3.5.3 Ecological outcomes

Overall, 34% of studies reported on the ecological outcomes of interventions (Figure 4a). Ecological outcomes included effects on plant or animal species populations, diversity of species or habitats, community composition, or habitat quality. These were assessed directly with quantitative measures of ecological parameters, or indirectly with environmental proxy measures (e.g., effect of fire frequencies and inferred impact on native species; Russell-Smith et al., 2015), or social methodologies (e.g., local community perceptions of changes in biodiversity; Sjögersten et al., 2013).

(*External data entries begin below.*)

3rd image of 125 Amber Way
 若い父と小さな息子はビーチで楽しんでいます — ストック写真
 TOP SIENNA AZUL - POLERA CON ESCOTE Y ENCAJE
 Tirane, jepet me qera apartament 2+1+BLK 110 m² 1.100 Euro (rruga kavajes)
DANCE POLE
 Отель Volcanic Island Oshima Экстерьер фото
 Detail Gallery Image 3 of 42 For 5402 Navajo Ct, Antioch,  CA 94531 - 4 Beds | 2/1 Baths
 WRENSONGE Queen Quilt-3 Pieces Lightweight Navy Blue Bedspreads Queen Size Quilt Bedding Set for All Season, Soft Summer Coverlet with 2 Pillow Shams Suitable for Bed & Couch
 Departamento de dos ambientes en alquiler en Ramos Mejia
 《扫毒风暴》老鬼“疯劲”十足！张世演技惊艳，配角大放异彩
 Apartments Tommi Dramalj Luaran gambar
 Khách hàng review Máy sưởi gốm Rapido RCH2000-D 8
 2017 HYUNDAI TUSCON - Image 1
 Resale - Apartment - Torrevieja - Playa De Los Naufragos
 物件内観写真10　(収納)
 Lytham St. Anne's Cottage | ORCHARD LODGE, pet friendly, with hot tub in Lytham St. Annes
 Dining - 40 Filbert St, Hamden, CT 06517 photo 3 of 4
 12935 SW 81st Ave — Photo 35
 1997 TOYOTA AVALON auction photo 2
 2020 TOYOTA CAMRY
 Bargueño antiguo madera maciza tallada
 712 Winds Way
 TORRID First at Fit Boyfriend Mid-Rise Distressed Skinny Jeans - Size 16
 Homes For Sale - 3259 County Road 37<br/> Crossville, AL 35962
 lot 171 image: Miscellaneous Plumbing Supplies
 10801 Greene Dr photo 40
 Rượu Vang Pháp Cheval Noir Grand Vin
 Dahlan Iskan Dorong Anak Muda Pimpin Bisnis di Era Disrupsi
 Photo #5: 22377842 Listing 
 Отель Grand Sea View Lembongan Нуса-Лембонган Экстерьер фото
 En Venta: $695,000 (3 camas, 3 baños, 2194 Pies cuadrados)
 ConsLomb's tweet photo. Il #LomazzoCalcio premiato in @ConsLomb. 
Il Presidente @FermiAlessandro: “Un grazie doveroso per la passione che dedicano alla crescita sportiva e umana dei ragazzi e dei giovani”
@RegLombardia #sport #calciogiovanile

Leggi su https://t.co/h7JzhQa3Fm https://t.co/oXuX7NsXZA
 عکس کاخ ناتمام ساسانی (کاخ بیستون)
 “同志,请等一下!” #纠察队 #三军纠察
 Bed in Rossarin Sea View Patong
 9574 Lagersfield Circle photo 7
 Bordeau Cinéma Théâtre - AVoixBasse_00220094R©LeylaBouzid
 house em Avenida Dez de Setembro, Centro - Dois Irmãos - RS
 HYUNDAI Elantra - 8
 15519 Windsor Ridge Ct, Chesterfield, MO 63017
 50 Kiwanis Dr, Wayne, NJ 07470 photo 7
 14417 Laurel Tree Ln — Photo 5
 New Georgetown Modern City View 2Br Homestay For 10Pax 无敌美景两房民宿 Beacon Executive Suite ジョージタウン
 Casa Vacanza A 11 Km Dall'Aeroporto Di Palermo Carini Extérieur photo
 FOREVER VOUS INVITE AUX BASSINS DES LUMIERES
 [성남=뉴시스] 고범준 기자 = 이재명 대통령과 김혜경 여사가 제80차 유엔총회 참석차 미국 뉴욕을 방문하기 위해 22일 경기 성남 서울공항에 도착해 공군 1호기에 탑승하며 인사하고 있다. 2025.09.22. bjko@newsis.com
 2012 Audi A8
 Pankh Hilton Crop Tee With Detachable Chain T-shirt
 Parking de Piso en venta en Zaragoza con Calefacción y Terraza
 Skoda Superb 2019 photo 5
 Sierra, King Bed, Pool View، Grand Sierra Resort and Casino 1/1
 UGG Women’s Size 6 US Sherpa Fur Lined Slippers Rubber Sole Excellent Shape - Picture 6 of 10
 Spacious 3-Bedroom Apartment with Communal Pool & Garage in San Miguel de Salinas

Quantitative assessments measured changes in ecological parameters from species to ecosystem scales, including measures of diversity, richness, function, cover, structure, abundance, and indices of ecological resilience. Most cases (66%) reported ecological outcomes that were positive, <1% reported exclusively negative effects, and 24% reported mixed or unclear effects (Figure 4b). Mixed ecological outcomes occurred when intervention impacts differed across space (e.g., due to the displacement of drivers of degradation or habitat loss, exacerbating the pressure to surrounding locations; Mekuria et al., 2015), or when the intervention had a positive effect on some ecological attributes but not others (e.g., the intervention increased native species richness as well as increasing abundance of exotic species; Lennox et al., 2011).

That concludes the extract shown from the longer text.